[Saved data entries]
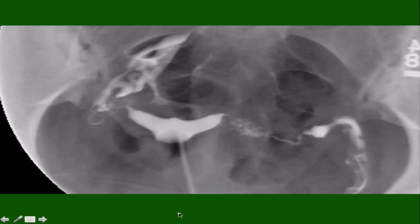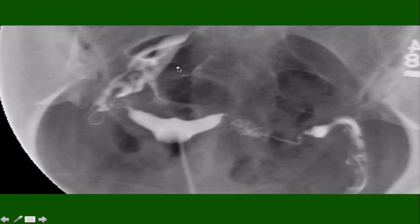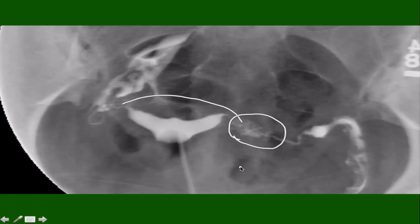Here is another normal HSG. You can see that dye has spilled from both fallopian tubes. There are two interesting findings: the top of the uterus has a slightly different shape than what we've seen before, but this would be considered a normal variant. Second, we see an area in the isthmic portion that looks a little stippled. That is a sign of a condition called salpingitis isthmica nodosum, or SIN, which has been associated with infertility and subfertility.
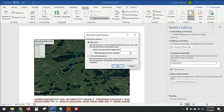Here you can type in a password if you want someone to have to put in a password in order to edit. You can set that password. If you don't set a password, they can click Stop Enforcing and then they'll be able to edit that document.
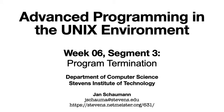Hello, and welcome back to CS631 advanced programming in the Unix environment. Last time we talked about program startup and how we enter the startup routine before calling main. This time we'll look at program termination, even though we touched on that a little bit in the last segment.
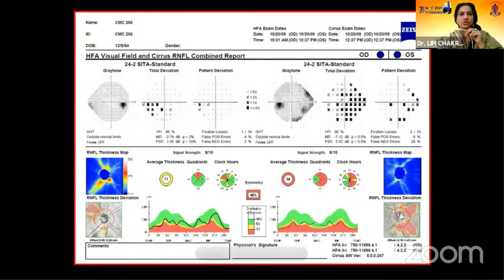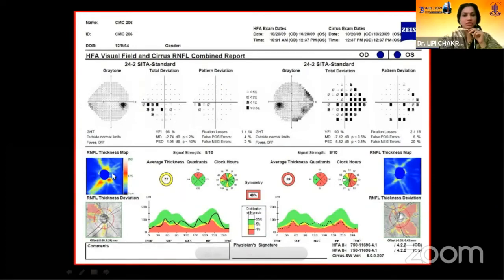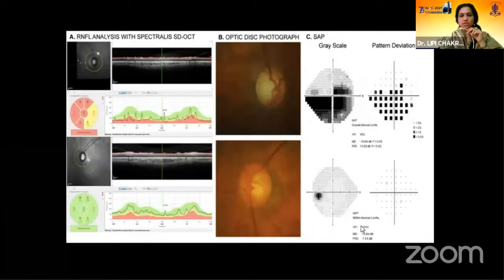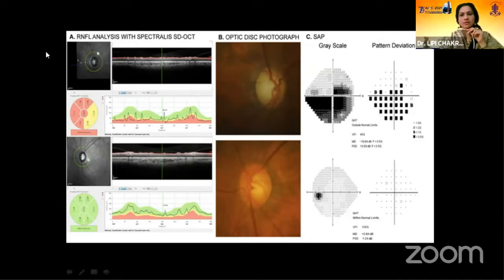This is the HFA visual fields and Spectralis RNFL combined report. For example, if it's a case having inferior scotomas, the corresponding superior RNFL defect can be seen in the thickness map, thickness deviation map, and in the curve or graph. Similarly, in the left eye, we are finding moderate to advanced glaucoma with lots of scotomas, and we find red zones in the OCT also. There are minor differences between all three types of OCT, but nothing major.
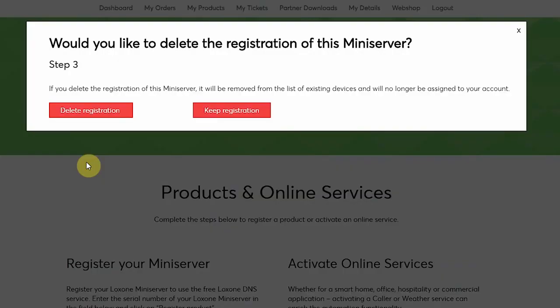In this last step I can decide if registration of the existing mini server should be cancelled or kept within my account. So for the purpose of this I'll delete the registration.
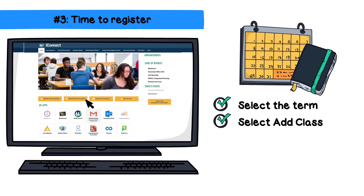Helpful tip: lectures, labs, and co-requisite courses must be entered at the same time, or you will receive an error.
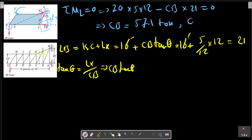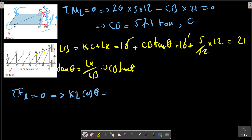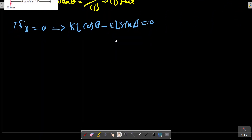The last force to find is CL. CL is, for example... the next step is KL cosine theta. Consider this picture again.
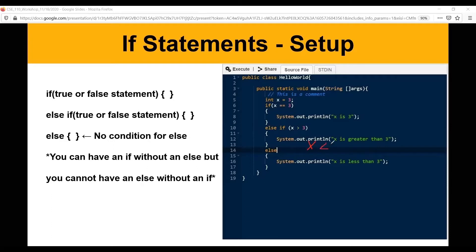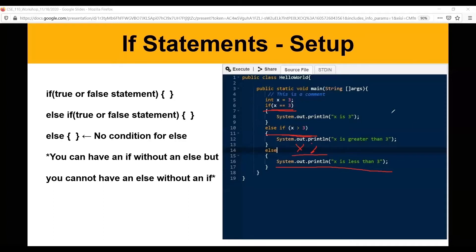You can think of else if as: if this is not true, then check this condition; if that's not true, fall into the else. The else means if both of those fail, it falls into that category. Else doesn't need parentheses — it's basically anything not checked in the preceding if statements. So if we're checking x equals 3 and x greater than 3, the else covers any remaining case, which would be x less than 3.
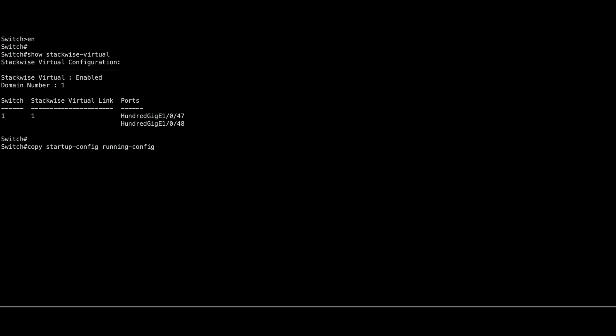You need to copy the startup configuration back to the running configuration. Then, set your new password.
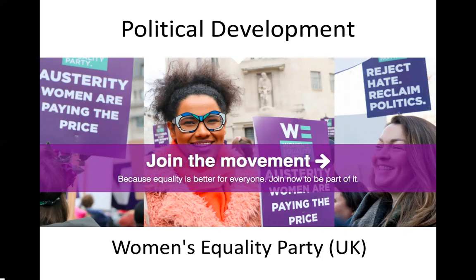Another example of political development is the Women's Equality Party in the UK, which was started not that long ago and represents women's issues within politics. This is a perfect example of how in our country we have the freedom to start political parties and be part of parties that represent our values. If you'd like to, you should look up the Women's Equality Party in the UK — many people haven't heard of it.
--
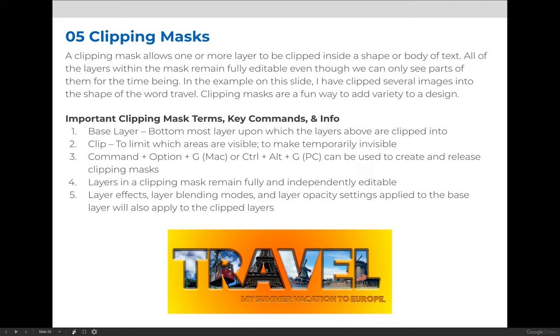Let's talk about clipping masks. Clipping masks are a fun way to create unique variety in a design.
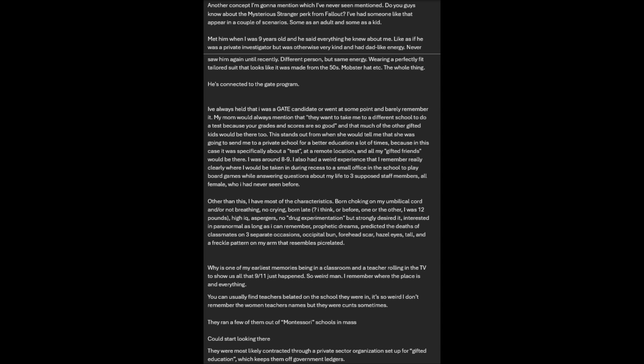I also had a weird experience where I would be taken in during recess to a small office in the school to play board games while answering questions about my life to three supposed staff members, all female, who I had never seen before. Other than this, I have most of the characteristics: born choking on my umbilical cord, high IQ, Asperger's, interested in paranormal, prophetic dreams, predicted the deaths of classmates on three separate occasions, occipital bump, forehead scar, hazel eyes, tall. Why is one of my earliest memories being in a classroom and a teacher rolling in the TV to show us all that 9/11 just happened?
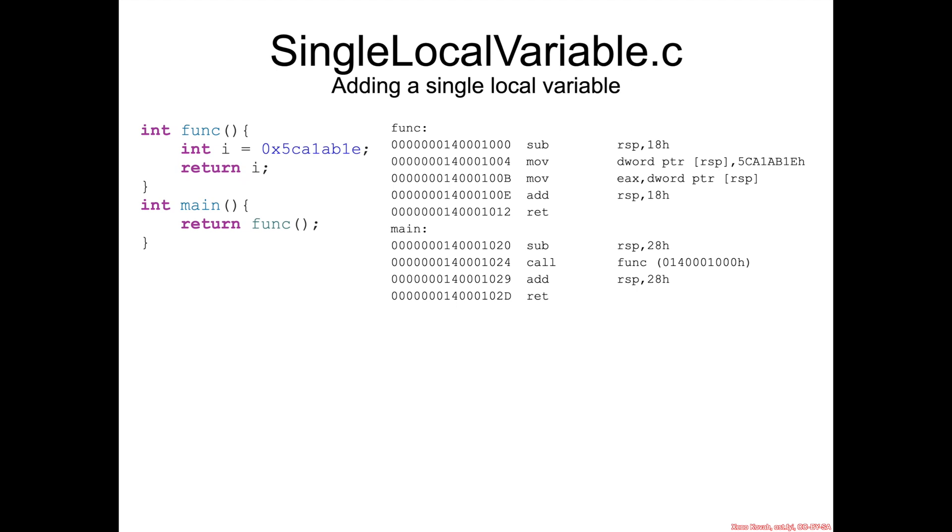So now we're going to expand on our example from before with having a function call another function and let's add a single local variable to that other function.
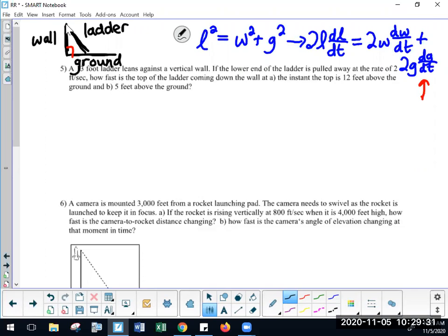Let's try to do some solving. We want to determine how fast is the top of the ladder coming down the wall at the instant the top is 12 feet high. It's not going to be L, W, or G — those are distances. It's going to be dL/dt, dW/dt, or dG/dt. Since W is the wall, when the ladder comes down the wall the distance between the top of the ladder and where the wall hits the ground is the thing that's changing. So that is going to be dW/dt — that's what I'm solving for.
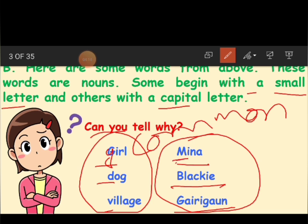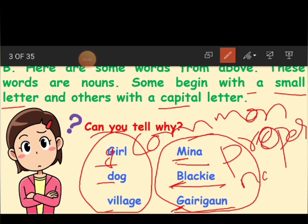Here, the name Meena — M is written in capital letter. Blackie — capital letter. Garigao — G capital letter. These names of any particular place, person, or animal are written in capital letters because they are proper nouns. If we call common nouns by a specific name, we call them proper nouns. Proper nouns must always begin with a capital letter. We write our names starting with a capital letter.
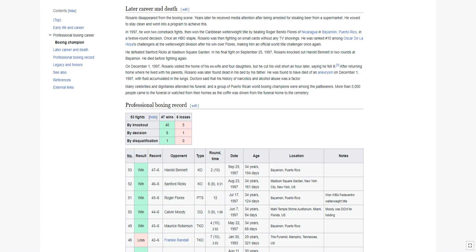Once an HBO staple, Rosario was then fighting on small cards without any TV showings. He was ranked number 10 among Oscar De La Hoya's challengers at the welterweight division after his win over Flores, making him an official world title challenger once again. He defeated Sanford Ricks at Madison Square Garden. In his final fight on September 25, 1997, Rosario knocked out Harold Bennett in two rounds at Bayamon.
--
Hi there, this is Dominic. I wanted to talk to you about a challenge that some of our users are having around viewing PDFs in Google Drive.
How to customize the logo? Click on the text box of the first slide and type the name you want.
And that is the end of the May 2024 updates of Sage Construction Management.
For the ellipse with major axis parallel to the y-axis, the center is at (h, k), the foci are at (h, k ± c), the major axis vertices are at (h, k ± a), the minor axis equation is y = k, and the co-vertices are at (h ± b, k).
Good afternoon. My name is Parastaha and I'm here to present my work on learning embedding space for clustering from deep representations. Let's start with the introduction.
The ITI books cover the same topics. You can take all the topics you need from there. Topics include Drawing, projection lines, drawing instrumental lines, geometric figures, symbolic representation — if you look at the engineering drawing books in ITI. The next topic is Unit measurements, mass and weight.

• _Problem_
Would you output only the span of the records above that opens with the line containing "Here is another" and closes with the line containing "The last force", ends included and pictures dropped?

• _Result of the exercise_
Here is another normal HSG. You can see that dye has spilled from both fallopian tubes. There are two interesting findings: the top of the uterus has a slightly different shape than what we've seen before, but this would be considered a normal variant. Second, we see an area in the isthmic portion that looks a little stippled. That is a sign of a condition called salpingitis isthmica nodosum, or SIN, which has been associated with infertility and subfertility.
Here you can type in a password if you want someone to have to put in a password in order to edit. You can set that password. If you don't set a password, they can click Stop Enforcing and then they'll be able to edit that document.
Hello, and welcome back to CS631 advanced programming in the Unix environment. Last time we talked about program startup and how we enter the startup routine before calling main. This time we'll look at program termination, even though we touched on that a little bit in the last segment.
This is the HFA visual fields and Spectralis RNFL combined report. For example, if it's a case having inferior scotomas, the corresponding superior RNFL defect can be seen in the thickness map, thickness deviation map, and in the curve or graph. Similarly, in the left eye, we are finding moderate to advanced glaucoma with lots of scotomas, and we find red zones in the OCT also. There are minor differences between all three types of OCT, but nothing major.
In this last step I can decide if registration of the existing mini server should be cancelled or kept within my account. So for the purpose of this I'll delete the registration.
Helpful tip: lectures, labs, and co-requisite courses must be entered at the same time, or you will receive an error.
The last force to find is CL. CL is, for example... the next step is KL cosine theta. Consider this picture again.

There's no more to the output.